April 6th, 2018 by Adam Armstrong
Intel SSD DC P4510 Review
Introduced earlier this year, the DC P4510 Series is Intel’s new data center NVMe SSD. Designed specifically for the Cloud (with the tagline “Cloud Inspired. Storage Optimized.”), the P4510 is Intel’s first enterprise 64-layer 3D NAND SSD. Leveraging this technology, the company was able to drive the capacity of the drive up to 8TB, all the while being able to fit it in a U.2, 15mm form factor.
The expanded capacity can help companies either consolidate workloads or support broader cloud workloads better, enabling service providers to increase the number of users and improve data service levels. Along with the high capacity, the drive has improved QoS that utilizes an intelligent firmware algorithm that keeps host and background read/write data at an optimum balance. The P4510 has quoted performance of 3.2GB/s read and 3GB/s write, as well as 637K IOPS read and 139K IOPs write.
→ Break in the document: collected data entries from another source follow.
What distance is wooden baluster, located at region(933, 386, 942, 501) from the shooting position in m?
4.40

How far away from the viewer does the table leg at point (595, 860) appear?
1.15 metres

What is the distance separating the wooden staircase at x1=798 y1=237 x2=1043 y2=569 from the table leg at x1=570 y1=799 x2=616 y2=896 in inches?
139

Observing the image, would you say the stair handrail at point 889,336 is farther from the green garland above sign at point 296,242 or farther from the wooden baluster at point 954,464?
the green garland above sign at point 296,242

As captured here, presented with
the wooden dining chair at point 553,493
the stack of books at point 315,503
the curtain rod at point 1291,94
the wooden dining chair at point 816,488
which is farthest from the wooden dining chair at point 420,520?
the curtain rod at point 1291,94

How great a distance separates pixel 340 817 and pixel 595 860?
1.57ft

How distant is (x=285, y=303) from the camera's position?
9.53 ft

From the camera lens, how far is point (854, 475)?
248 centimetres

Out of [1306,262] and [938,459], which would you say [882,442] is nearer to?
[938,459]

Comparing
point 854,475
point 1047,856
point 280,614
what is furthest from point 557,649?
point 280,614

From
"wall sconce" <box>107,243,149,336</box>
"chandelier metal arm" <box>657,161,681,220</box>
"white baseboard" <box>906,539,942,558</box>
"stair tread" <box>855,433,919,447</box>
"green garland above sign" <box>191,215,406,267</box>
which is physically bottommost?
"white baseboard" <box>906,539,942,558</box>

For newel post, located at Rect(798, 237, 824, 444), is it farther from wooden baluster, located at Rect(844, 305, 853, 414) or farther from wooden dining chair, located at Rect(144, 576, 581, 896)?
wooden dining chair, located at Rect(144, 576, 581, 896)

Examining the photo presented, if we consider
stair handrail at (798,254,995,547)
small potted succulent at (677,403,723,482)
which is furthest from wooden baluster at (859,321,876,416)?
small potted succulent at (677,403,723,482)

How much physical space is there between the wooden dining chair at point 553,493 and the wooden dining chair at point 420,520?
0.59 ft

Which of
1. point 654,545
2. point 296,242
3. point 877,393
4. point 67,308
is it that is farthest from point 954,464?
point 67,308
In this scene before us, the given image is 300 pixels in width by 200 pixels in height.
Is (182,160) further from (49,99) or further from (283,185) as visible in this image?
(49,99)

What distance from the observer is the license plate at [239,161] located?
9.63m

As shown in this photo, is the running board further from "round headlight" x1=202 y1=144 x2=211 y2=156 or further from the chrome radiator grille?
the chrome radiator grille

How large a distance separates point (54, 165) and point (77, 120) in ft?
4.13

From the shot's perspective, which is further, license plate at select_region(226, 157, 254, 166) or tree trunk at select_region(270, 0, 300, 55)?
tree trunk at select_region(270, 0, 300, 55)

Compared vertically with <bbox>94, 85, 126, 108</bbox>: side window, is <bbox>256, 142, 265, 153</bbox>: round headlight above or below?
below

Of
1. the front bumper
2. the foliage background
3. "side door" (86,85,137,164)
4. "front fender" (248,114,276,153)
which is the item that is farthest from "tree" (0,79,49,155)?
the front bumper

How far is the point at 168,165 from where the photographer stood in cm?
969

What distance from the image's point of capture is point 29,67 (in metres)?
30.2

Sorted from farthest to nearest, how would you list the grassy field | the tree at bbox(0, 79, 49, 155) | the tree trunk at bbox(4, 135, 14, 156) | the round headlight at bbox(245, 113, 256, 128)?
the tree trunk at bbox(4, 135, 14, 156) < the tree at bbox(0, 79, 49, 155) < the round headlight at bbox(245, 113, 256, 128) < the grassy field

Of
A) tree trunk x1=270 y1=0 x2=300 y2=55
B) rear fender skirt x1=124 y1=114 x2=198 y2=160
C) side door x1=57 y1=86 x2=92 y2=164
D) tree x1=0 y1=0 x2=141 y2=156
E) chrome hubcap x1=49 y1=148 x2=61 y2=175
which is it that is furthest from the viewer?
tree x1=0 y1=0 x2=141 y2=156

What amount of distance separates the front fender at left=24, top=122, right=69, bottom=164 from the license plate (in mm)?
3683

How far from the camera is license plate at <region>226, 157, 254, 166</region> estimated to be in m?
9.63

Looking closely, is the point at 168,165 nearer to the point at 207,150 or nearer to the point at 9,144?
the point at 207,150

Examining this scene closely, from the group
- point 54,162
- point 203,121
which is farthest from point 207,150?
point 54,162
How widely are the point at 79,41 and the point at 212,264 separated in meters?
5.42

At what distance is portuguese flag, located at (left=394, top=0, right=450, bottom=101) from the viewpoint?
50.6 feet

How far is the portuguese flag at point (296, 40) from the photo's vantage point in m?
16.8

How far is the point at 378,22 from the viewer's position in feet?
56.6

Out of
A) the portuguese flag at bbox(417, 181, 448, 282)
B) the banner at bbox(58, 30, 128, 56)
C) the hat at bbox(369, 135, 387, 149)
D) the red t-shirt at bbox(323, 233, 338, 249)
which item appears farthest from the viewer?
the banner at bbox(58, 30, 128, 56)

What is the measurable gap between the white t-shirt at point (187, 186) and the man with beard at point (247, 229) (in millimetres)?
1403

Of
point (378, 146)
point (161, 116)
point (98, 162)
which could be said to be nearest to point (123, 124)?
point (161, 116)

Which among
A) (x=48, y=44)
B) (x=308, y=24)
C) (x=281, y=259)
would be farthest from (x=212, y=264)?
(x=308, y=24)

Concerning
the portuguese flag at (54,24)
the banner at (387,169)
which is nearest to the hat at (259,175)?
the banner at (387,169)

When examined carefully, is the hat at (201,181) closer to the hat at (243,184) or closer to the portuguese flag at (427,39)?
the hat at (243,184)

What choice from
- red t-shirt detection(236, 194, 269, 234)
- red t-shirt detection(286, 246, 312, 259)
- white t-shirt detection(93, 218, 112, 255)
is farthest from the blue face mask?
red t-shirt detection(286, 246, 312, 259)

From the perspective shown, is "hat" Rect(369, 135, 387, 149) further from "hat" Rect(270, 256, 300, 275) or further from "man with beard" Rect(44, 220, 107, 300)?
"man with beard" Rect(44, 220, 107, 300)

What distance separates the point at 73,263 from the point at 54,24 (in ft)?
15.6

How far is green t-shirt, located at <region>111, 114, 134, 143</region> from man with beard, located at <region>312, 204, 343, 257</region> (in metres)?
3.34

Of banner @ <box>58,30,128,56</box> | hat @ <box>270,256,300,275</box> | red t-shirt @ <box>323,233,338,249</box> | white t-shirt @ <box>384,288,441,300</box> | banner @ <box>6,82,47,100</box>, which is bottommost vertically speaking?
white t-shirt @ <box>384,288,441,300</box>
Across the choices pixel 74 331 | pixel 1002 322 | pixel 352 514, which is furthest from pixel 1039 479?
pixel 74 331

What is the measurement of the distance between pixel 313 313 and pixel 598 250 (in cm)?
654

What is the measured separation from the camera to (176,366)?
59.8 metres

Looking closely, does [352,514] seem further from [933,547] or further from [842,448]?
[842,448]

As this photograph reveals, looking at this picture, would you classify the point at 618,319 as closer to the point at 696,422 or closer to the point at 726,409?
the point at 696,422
The drive series also minimizes service disruptions through enhanced SMART monitoring of drive health and status, using an in-band mechanism and out-of-band access. This helps in the event of sudden power loss as well to prevent data from being lost along with it. The P4510 has firmware enhancements built into its new 3D NAND that prioritizes host workloads, thus ensuring better service levels.
The Intel DC P4510 comes in capacities of 1TB, 2TB, 4TB, and 8TB and uses the NVMe specification 1.2. For this review we will be looking at both the 2TB and the 8TB models.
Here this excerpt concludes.